L’episodio è avvenuto durante un servizio di pattugliamento sul territorio. I militari, mentre si trovavano in Strada Tezze, hanno intimato l’alt al conducente di un’autovettura utilizzando la paletta d’ordinanza e i dispositivi luminosi di emergenza. L’automobilista, invece di fermarsi, avrebbe accelerato dando inizio alla fuga. Ne è nato un inseguimento lungo diverse strade della zona. Secondo quanto ricostruito dai Carabinieri, il conducente avrebbe ignorato più volte la segnaletica stradale e gli obblighi di precedenza, attraversando anche incroci senza rallentare. La corsa è proseguita prima nel territorio del Comune di Mantova, passando tra l’altro da Strada Mantovanella, per poi rientrare a Porto Mantovano lungo la strada per Soave.
Durante l’inseguimento, avvenuto in pieno giorno, la condotta di guida avrebbe creato situazioni di pericolo per gli altri utenti della strada e per gli stessi militari impegnati nel tentativo di fermare il veicolo. La fuga si è conclusa a Goito, dove l’auto è stata bloccata nel piazzale di un supermercato. L’uomo è sceso rapidamente dal mezzo lanciando le chiavi tra una siepe e ha tentato di allontanarsi verso un’area di servizio adiacente, ma è stato raggiunto e fermato dai carabinieri dopo un breve inseguimento a piedi. Una volta recuperate le chiavi, i militari hanno perquisito l’auto trovando sotto il sedile del conducente un’ascia con manico di circa 50 centimetri. Dai controlli è inoltre emerso che il trentenne era alla guida senza aver mai conseguito la patente.

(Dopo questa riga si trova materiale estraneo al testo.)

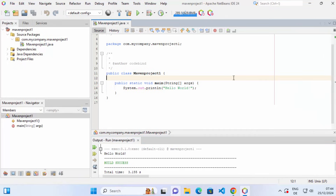Everything is working fine. This is how you can download, install, and set up NetBeans IDE on your Windows operating system. I hope you enjoyed this video and I'll see you in the next one.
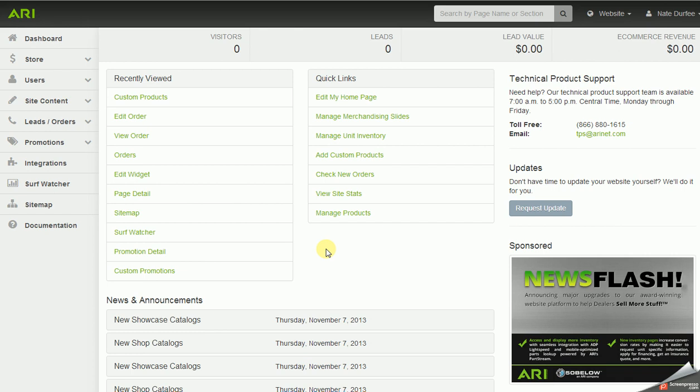In this video I'm going to cover the custom product loader. The custom product loader allows you to upload products to the website that are not preloaded, to display on the site and also sell through the shopping cart.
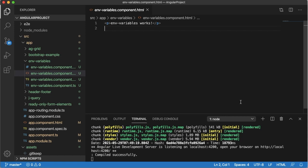Hello guys, welcome to another short tutorial on Angular. In this video I am going to show you how we can use environment variables in our Angular application. These environment variables are very useful when you are developing an application in one environment and deploying that application in a different environment. In real-time development, this is common where we develop an application in a development environment and deploy it in a production version. In that kind of situation, these environment variables are very helpful to define variables and use them in our application.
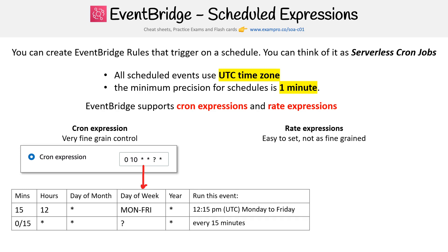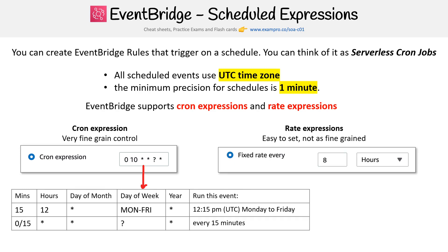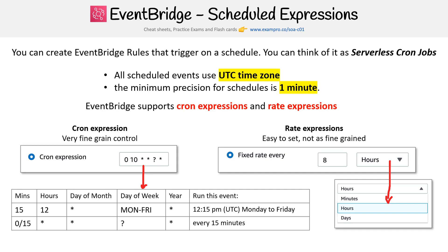On the other side, you have rate expressions. These are easy to set, but they're not as fine-grained. As you can see, you just pick a number and you have a dropdown between hours, minutes, and days.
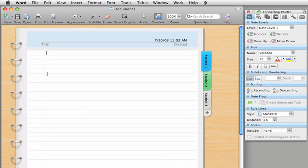You can see that the document is organized like a notebook with lined paper, tabs, and even binder rings.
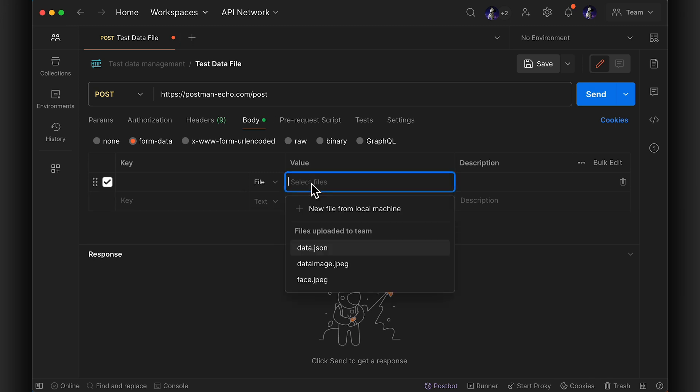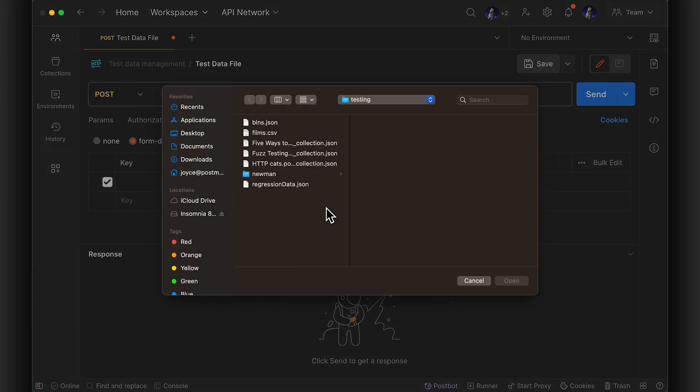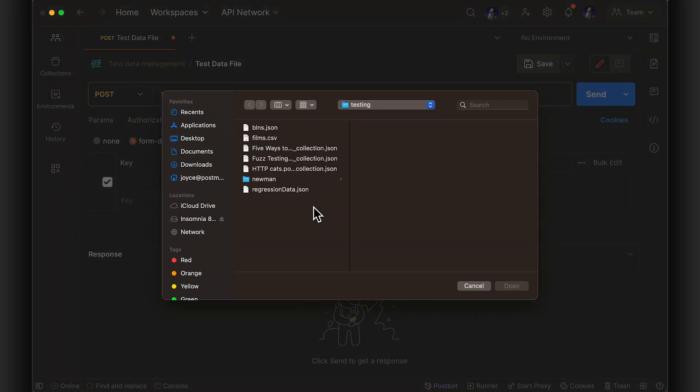Then select your file, either from other files you or other team members previously saved, or select a new file from your local machine.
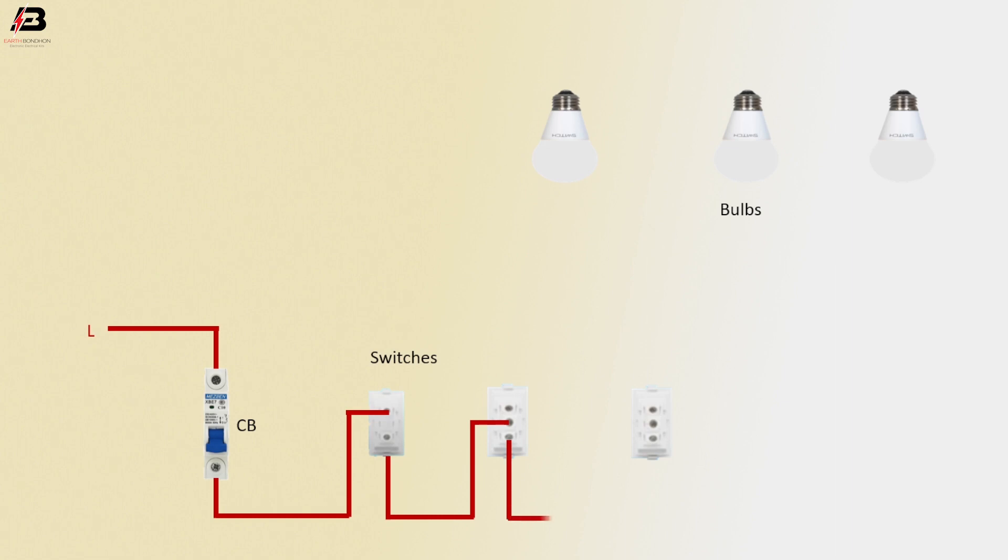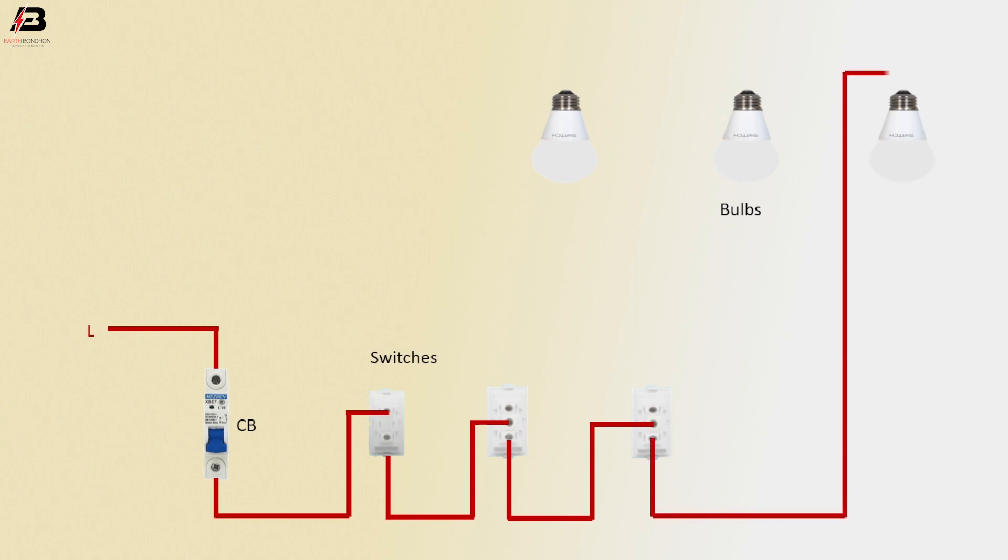Press connection output from switch 2 L2 terminal to switch 3 common terminal. Press connection from switch 3 L2 terminal to connect bulb 3.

L’uomo è stato quindi arrestato per resistenza a pubblico ufficiale e per il nuovo reato introdotto dal recente decreto sicurezza che punisce la fuga all’alt delle forze di polizia quando mette in pericolo l’incolumità altrui. È stato inoltre denunciato per porto abusivo di oggetti atti ad offendere e sanzionato per diverse violazioni del codice della strada. Dopo le formalità di rito è stato trattenuto nelle camere di sicurezza a disposizione dell’autorità giudiziaria. Nella mattinata successiva il tribunale, su richiesta della Procura, ha convalidato l’arresto e disposto nei suoi confronti la misura cautelare del divieto di dimora nella provincia di Mantova. L’operazione testimonia il costante e incisivo impegno nel controllo del territorio che i militari dell’Arma portano avanti con grande dedizione.